The Chennakesava Temple
Belur Travel Blog› entry 27 of 37 › view all entries
This doesn’t mean this temple in Belur is less impressive than the Hoysaleswara temple in Halebid. The walls of this temple are also completely covered in sculptures, but it is striking that the inside of this temple is more noticeable than the one in Halebid.
But maybe we are just getting too tired to notice. This is the third temple of the day, and no matter how gorgeous it is, it’s a whole lot less exciting than the first temple we’ve seen today.
I do get a book on the Hoysala Empire and the temples in Halebid and Belur, since the heritage of these people has intrigued me.
Seated in the bus that Ajit drives to our hotel, I read that a notable feature of the Hoysala kingdom was the involvement of women (especially women of royalty) in administrative matters. Queen Umadevi governed Halebid when her husband Veera Ballala II was absent and she also fought wars against other tribes.

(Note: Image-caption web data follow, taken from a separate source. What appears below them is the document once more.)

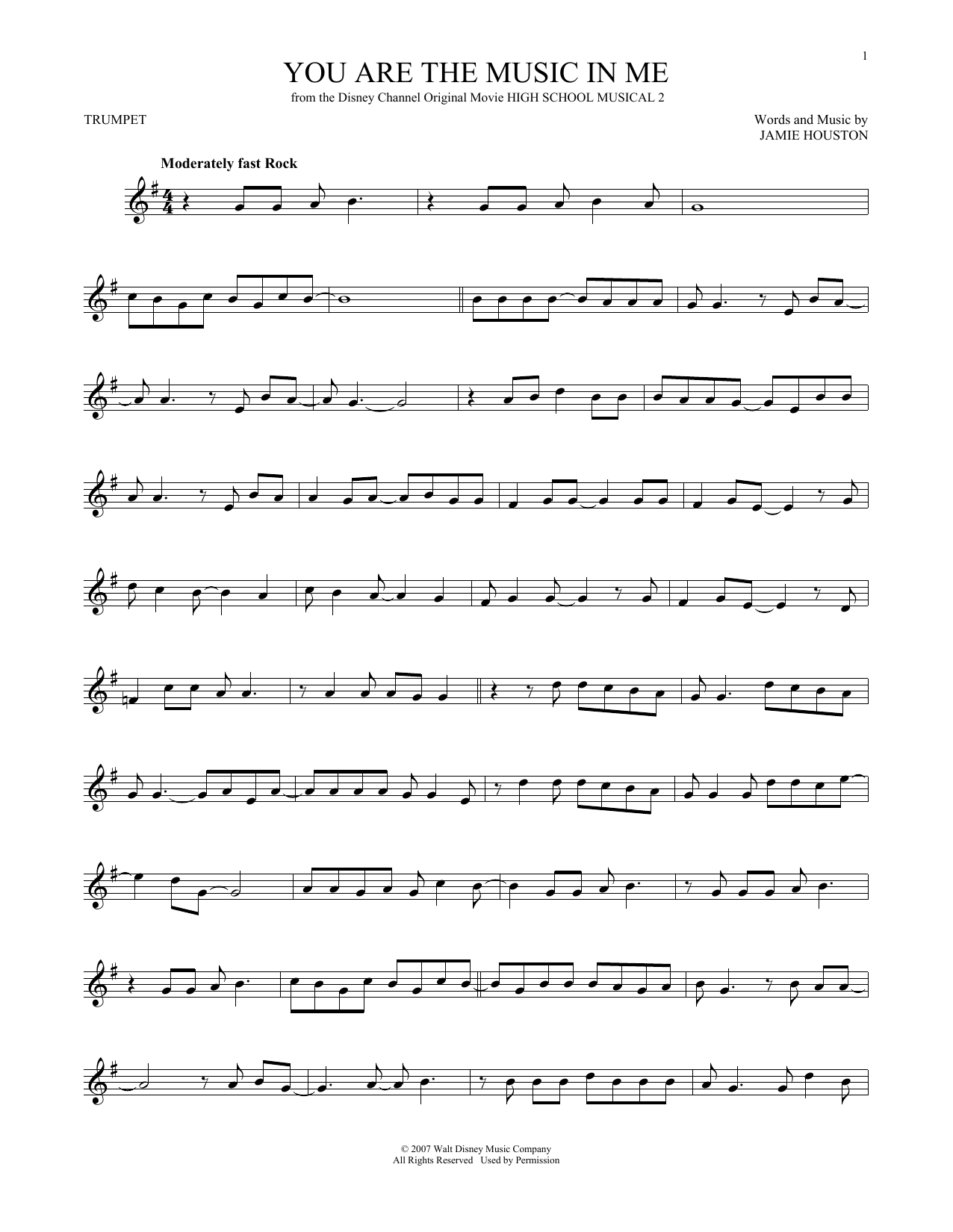 Produktgalerie: Seite 1 von 1 You Are The Music In Me (from High School Musical 2), Zac Efron & Vanessa Hudgens, Trompete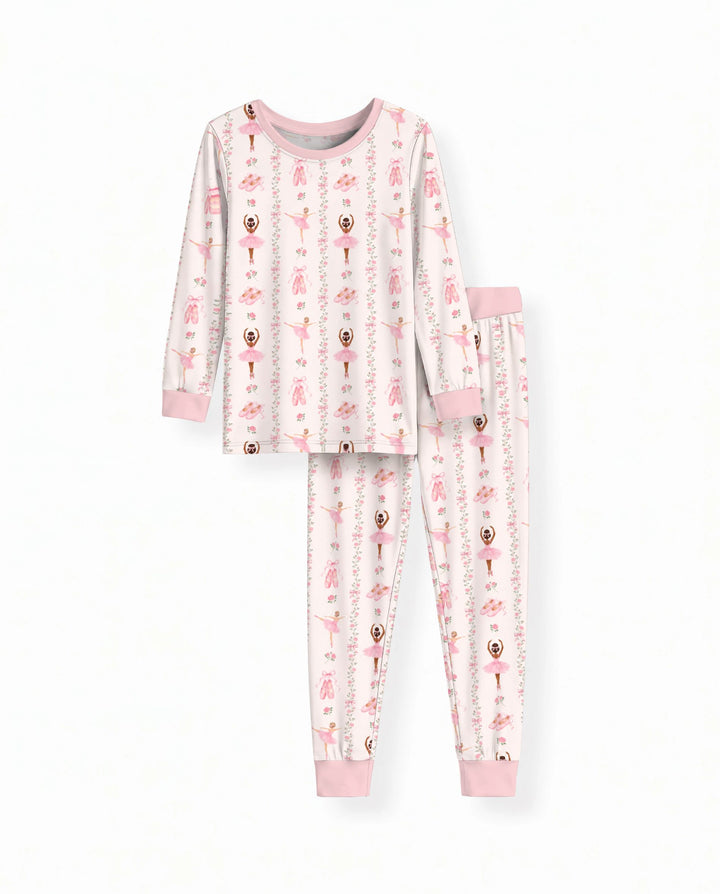 Black And Pink Ballerina Floral Ribbon Bamboo Two Piece Long Sleeve Pajama Set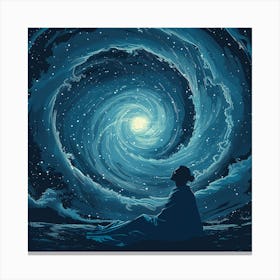 Meditating Woman In Space Canvas Print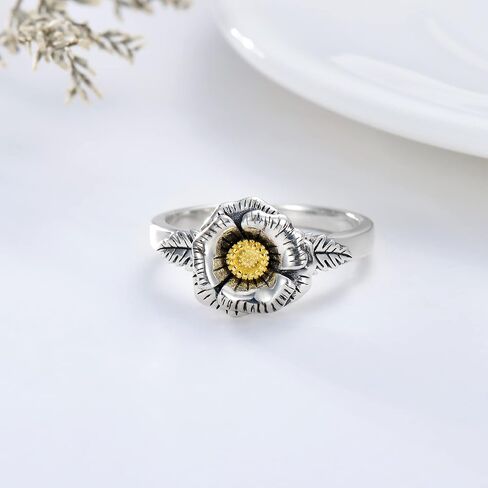 Vintage Birthday Flower Rings for Women 925 Sterling Silver Birth Flower Jewelry Gifts for Mom Wife in Saudi Arabia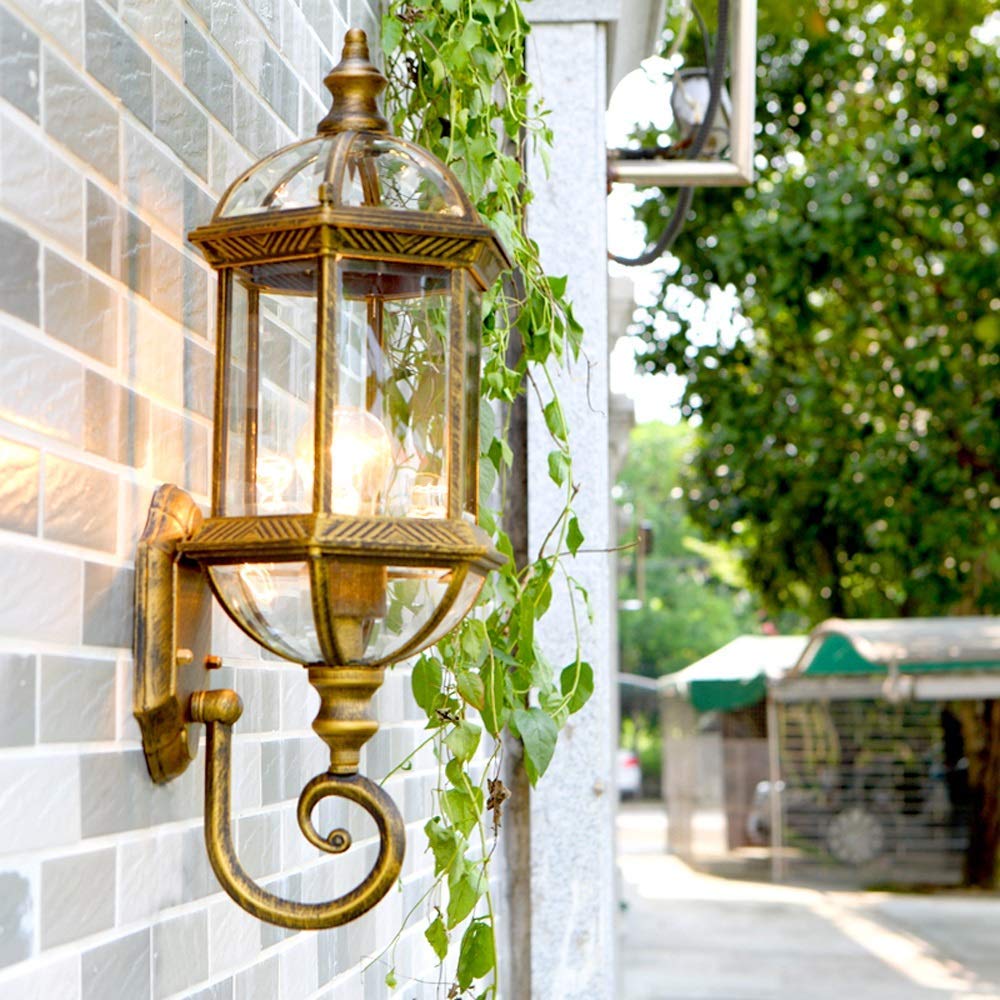Zewnętrzna lampa ścienna na dziedzińcu Willa Ogród Zewnętrzny aluminiowy słupek do drzwi Kinkiet Ozdobiony balkon Korytarz Nawa hotelowa Wodoodporna IP54 Latarnia ścienna Oprawa E27 Oświetlenie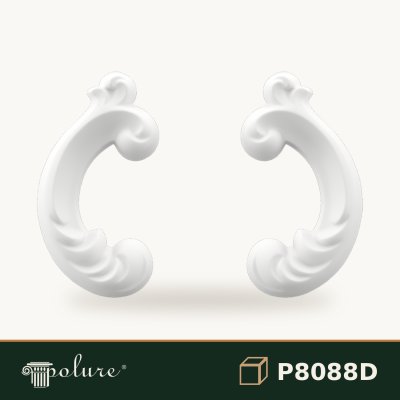 Ornament Decorativ din Poliuretan cu Volute 14x7x2 cm
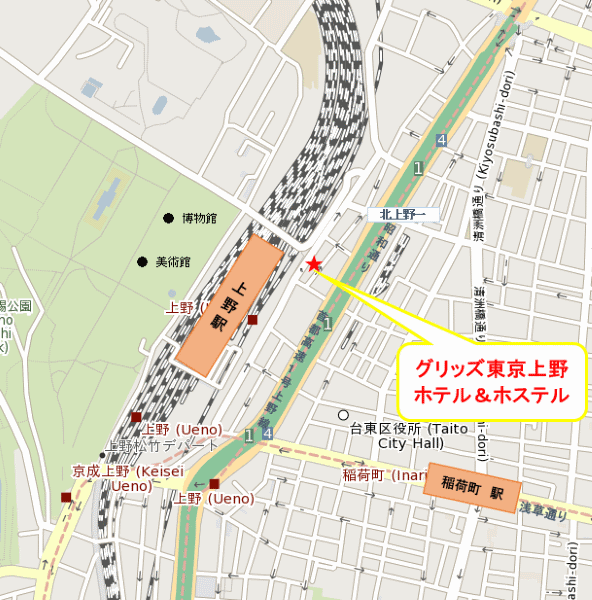グリッズ　東京　上野駅前　ホテル＆ホステルへの概略アクセスマップ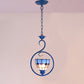 Blue Ring Pendulum Light Vintage 1 Head Tiffany Glass Pendant Ceiling Lamp for Bedroom Blue Round Clearhalo 'Art Deco Pendants' 'Cast Iron' 'Ceiling Lights' 'Ceramic' 'Close To Ceiling Lights' 'Crystal' 'Industrial' 'Metal' 'Middle Century Pendants' 'Pendant Lights' 'Pendants' 'Tiffany close to ceiling' 'Tiffany Pendants' 'Tiffany' Lighting' 2461146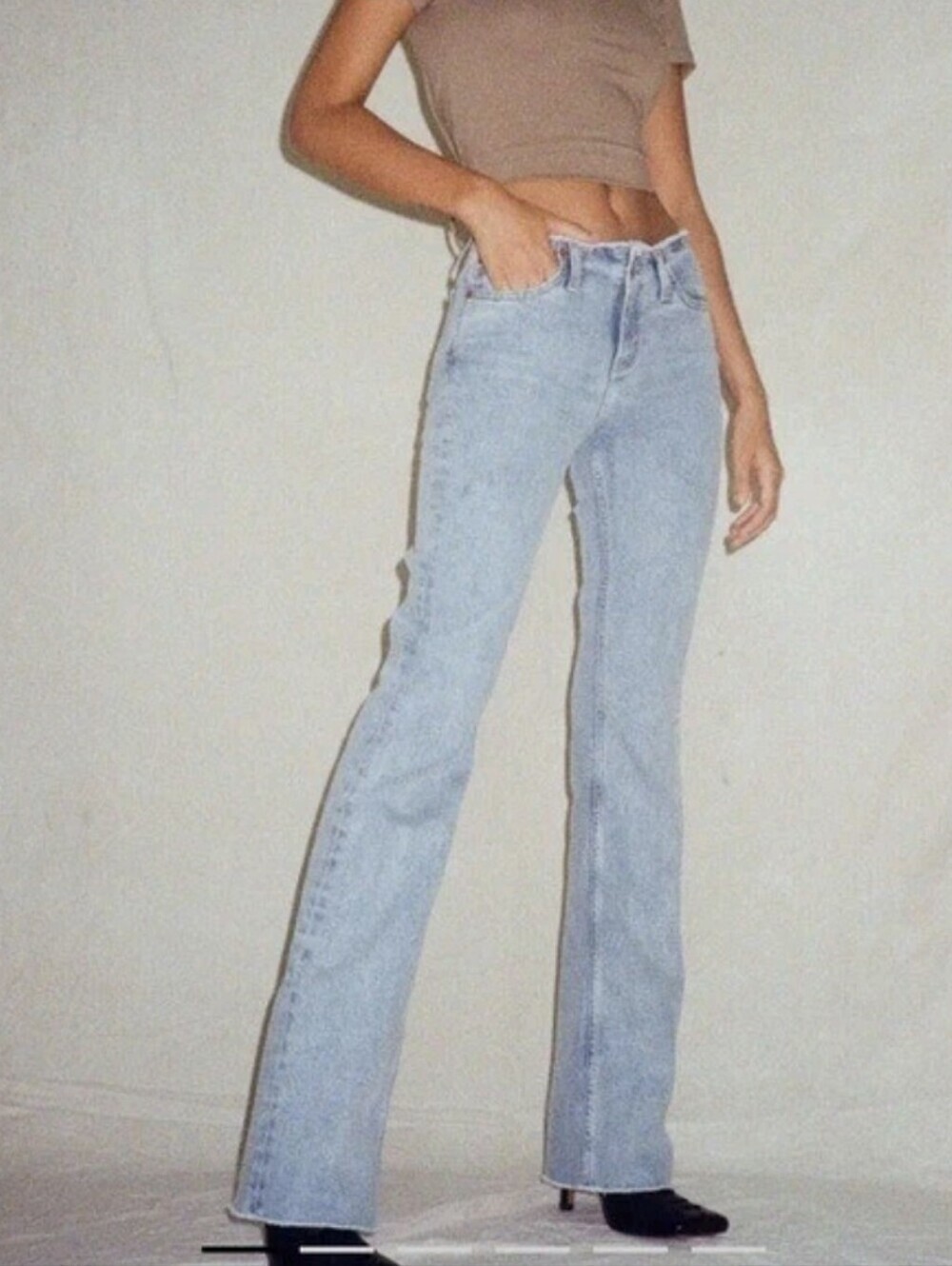 NWT Motel Rocks Light Blue Frayed Low Rise Jeans...Size:XS/31L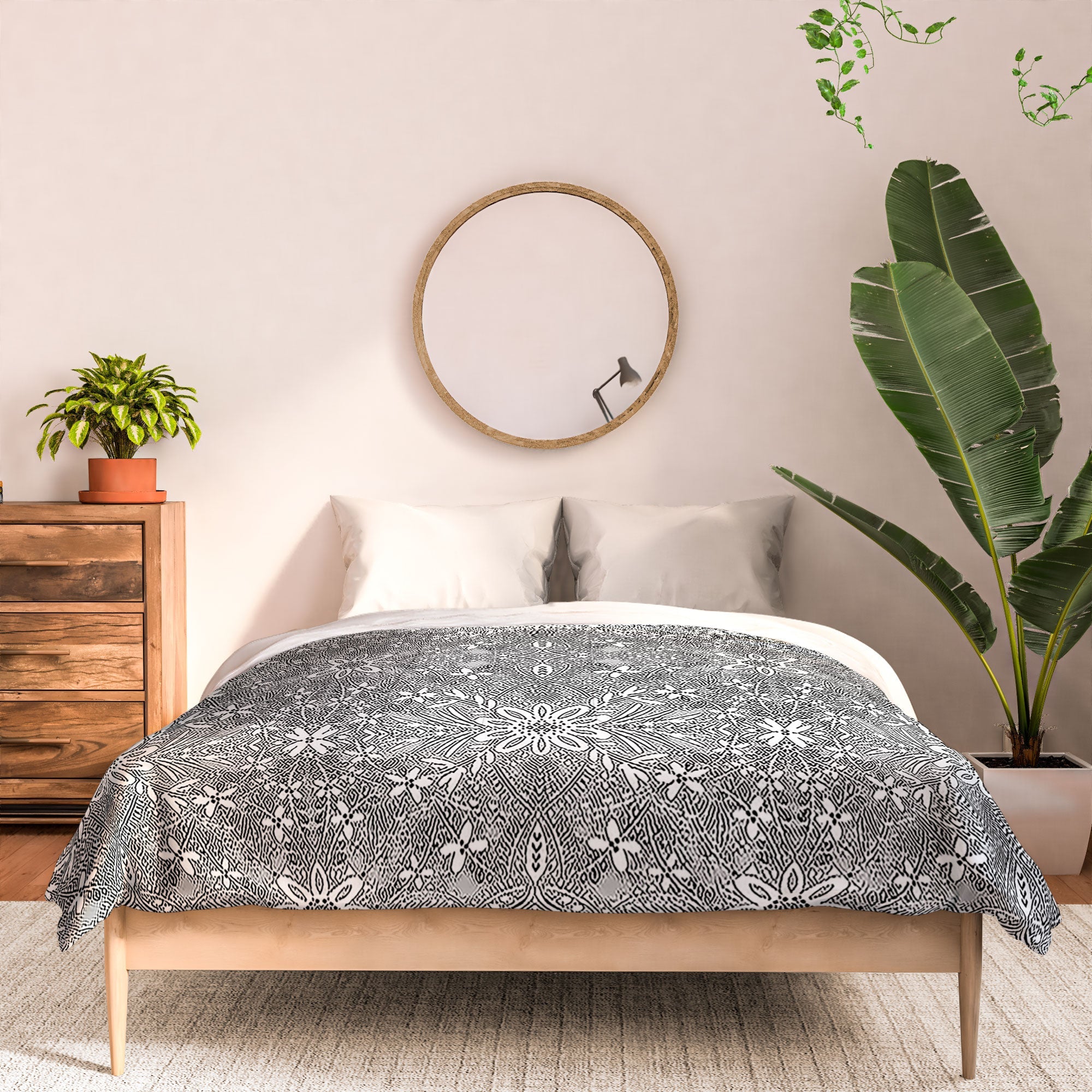Marta Barragan Camarasa Intricate Floral Symmetry Comforter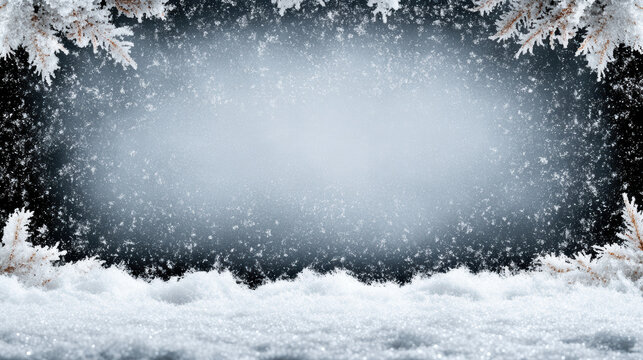 Snowy frosted pine branches border winter snowfall scene with soft snowy foreground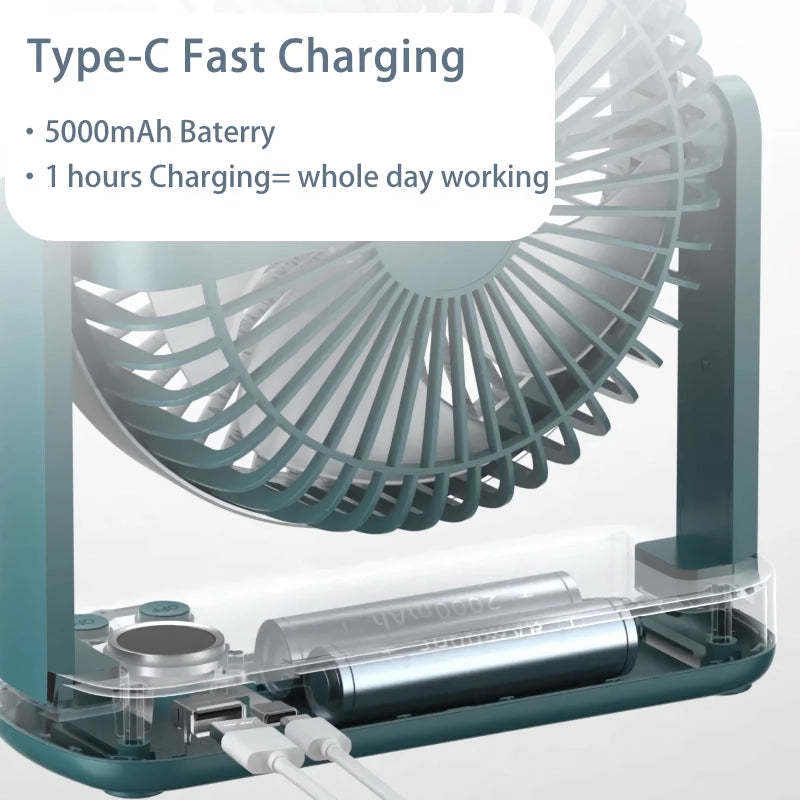 compact rechargeable usb desk fan, view 5 - MRSLM
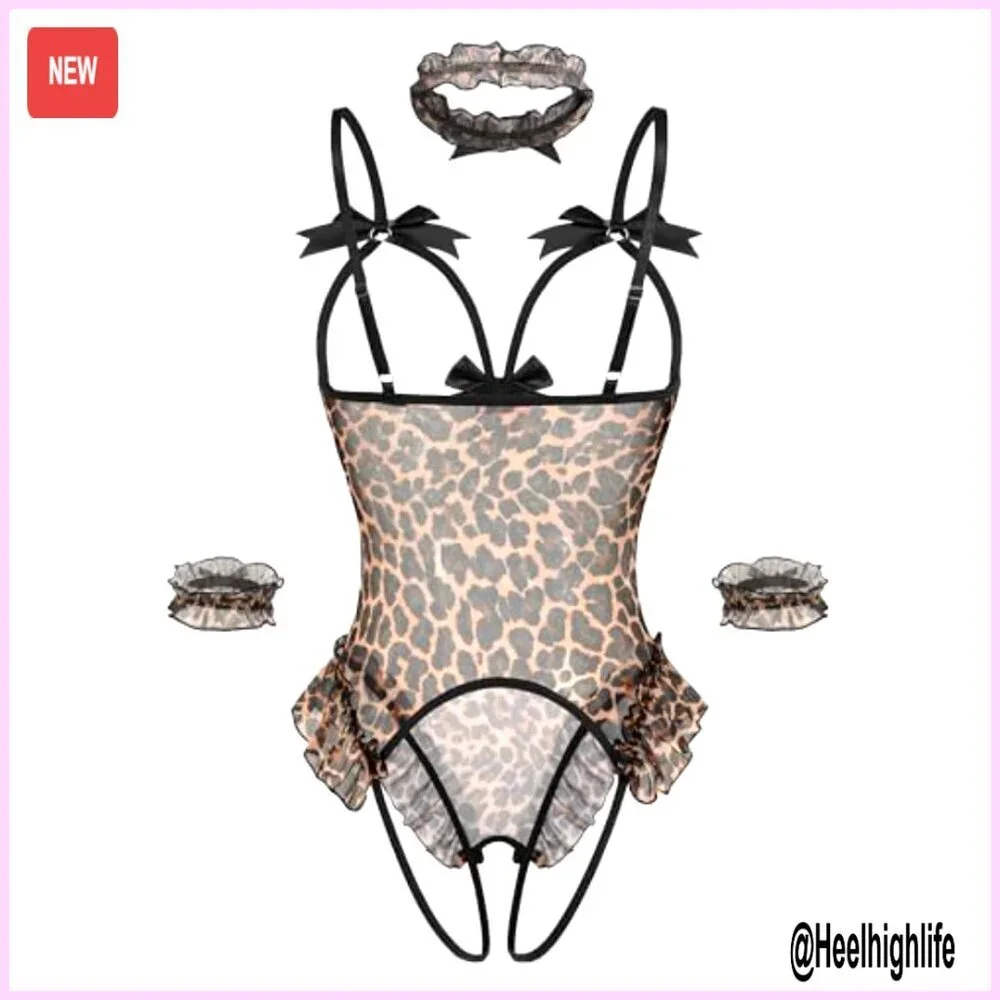 Sheer Mesh Bodysuit Set with Detachable Collar and Cuffs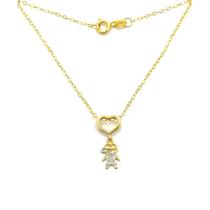 Corrente Com Pingente Criança de Ouro 18k Americana 40cm Cordão Colar Gargantilha Feminina Corrente Com Pingente Criança de Ouro 18k Americana 40cm Cordão Colar Gargantilha Feminina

Women strongly participated in music, dance, literature, poetry and politics as well. Queen Shantala Devi was well educated in dance and music and regularly held public performances.
Temple dancers were common in temples and most of them were not only educated but also accomplished in arts.
The feminist inside me leaps with joy when reading about this early emancipation. I never expected these Hoysala people to be THIS interesting!